A patologia digital está prestes a ter um avanço, pois os progressos na qualidade de imagem, tecnologia de IA e custos decrescentes estão transformando as formas de trabalho tradicionais dos patologistas. Uma análise recente, publicada na Clinical OMICs, descreve como as soluções digitais aumentam a eficiência dos fluxos de trabalho de diagnóstico, abordam a escassez global de patologistas e permitem novas aplicações.
A Mayo Clinic, pioneira em patologia digital, digitalizou mais de 20 milhões de lâminas histológicas nos últimos anos, com o apoio de scanners robóticos automatizados.

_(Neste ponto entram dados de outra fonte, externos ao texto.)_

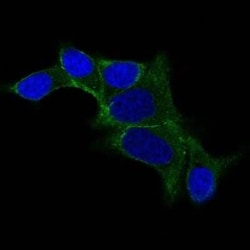 Ornithine Decarboxylase Antibody (ODC1/487), Novus Biologicals:Antibodies:Primary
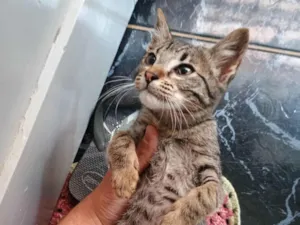 Gato raça SRD-ViraLata idade Abaixo de 2 meses nome Rajadinha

Essa digitalização permite uma troca de informações mais rápida dentro da rede clínica, tornando as opiniões de especialistas disponíveis quase em tempo real. “O que antes levava dias, agora é possível instantaneamente”, explicou Andrew P. Norgan, Chief Medical Officer da Mayo Clinic Digital Pathology. “Digitalizar nossa prática é um passo para impulsionar a medicina para doenças complexas.”
Um motor central da mudança é a integração da IA. A Mayo Clinic está colaborando com parceiros como Google, Microsoft e NVIDIA, bem como Aignostics, para desenvolver modelos de IA baseados em 1,2 milhão de lâminas digitalizadas. Esses chamados Foundation Models formam a base para aplicações especializadas, como a análise de dados histopatológicos, e aumentam a precisão diagnóstica. Empresas como a Owkin estão desenvolvendo testes baseados em IA que, por exemplo, preveem o risco de recidiva em pacientes com câncer de mama ou detectam instabilidade de microssatélites em amostras de câncer de cólon, o que melhora a seleção do tratamento.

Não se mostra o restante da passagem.